Wednesday, July 22, 2009

Where Have All The Dollars Gone?

While California leads the pack in suffering from the contracted economy, our increased production abroad has given impetus to businesses and governments outside the U.S. where the dollar increasingly migrates. Taxes paid abroad were a greater proportion of their layout for reporting U.S. business than taxes paid at home.

This makes ever more ridiculous the right wing's continuing complaint about the U.S. tax rate's being prohibitive, a complaint that ignores actual payments - which take advantage of multitudes of 'tax breaks' - that total far less than individuals' tax payments. While our infrastructure deteriorates, our business community blithely throws its dollars at economies and infrastructure outside the U.S. This is supposed to be sound policy for increasing profits. The fact that it ignores the source of those profits has escaped our brilliant business conceptualizers until now.

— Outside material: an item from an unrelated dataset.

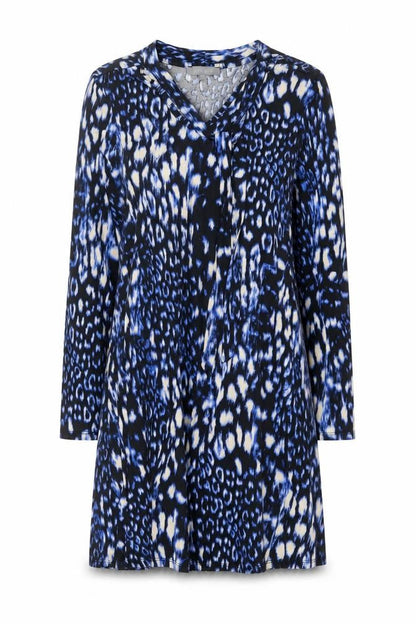 Front view of Principles women’s blue animal print shift, size UK 10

American multinationals have long tapped foreign markets to take advantage of lower labor costs, looser regulations, and simpler tax structures that can make doing business overseas more cost-efficient than in the U.S. But it's not just jobs migrating abroad -- it's now tax dollars too, a senior index analyst at Standard & Poor's says. [S&P, like BusinessWeek, is owned by The McGraw-Hill Companies.)

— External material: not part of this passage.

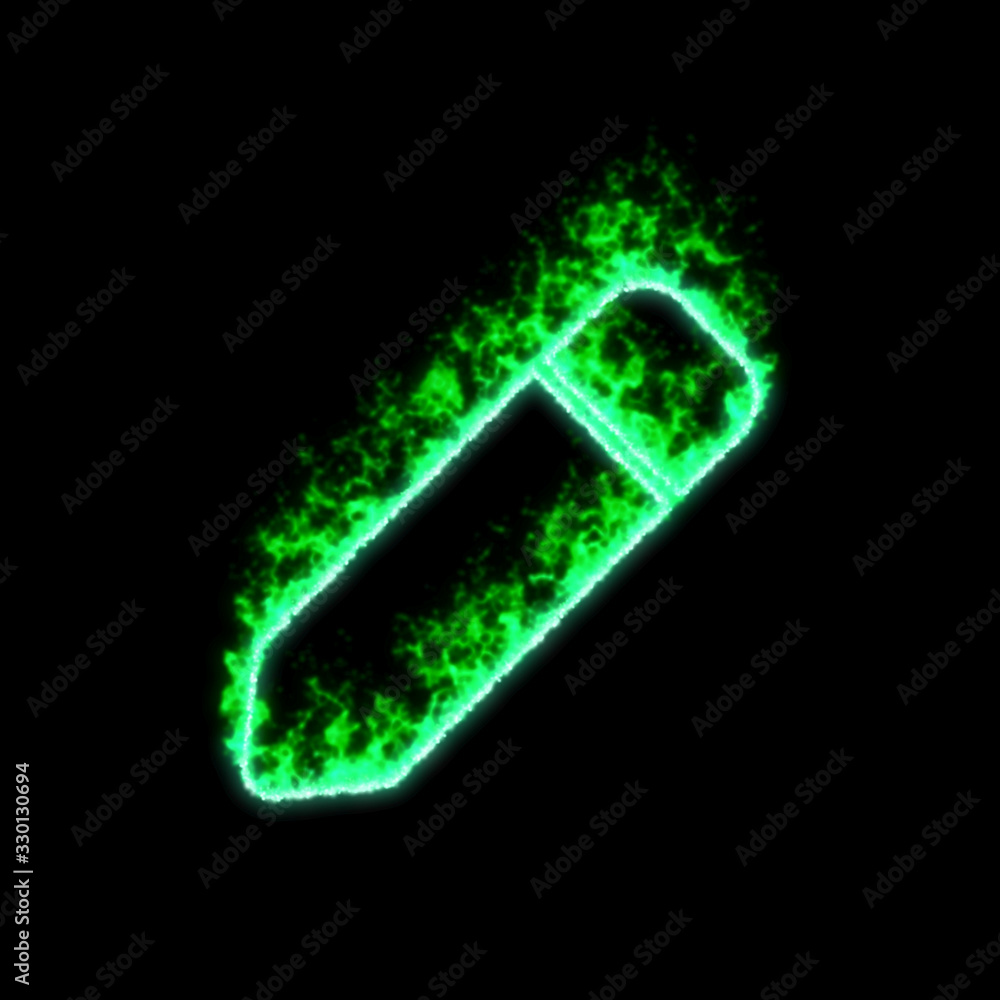 The symbol pen burns in green fire The symbol pen burns in green fire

Last year marked the first time that American companies contributed more to the tax pools of foreign governments than they did domestically, according to analyst Howard Silverblatt's annual S&P 500 Global Sales report, released July 14. The study was based on income taxes paid and reported to the U.S. government by just over half the companies on the S&P 500. Companies are not obligated to provide such detailed breakdowns of foreign sales. In 2008 foreign income tax payouts accounted for more than 55 percent of their total income tax expenditures, up from 45 percent in 2007 -- an $11.5 billion increase. Federal income tax payouts declined 29 percent, or almost $44 billion, over the same period.

This trend has been occurring for some time. Over the past four years, U.S. companies have increasingly paid a higher percentage of their total income taxes to foreign governments, which accounted for 45 percent in 2007, up from 39 percent in 2005. But Silverblatt's findings represent another data point among many showing that the U.S. was hit harder than many foreign countries in 2008 as the global financial crisis picked up steam. While the U.S. economy contracted, emerging economies grew to take market share.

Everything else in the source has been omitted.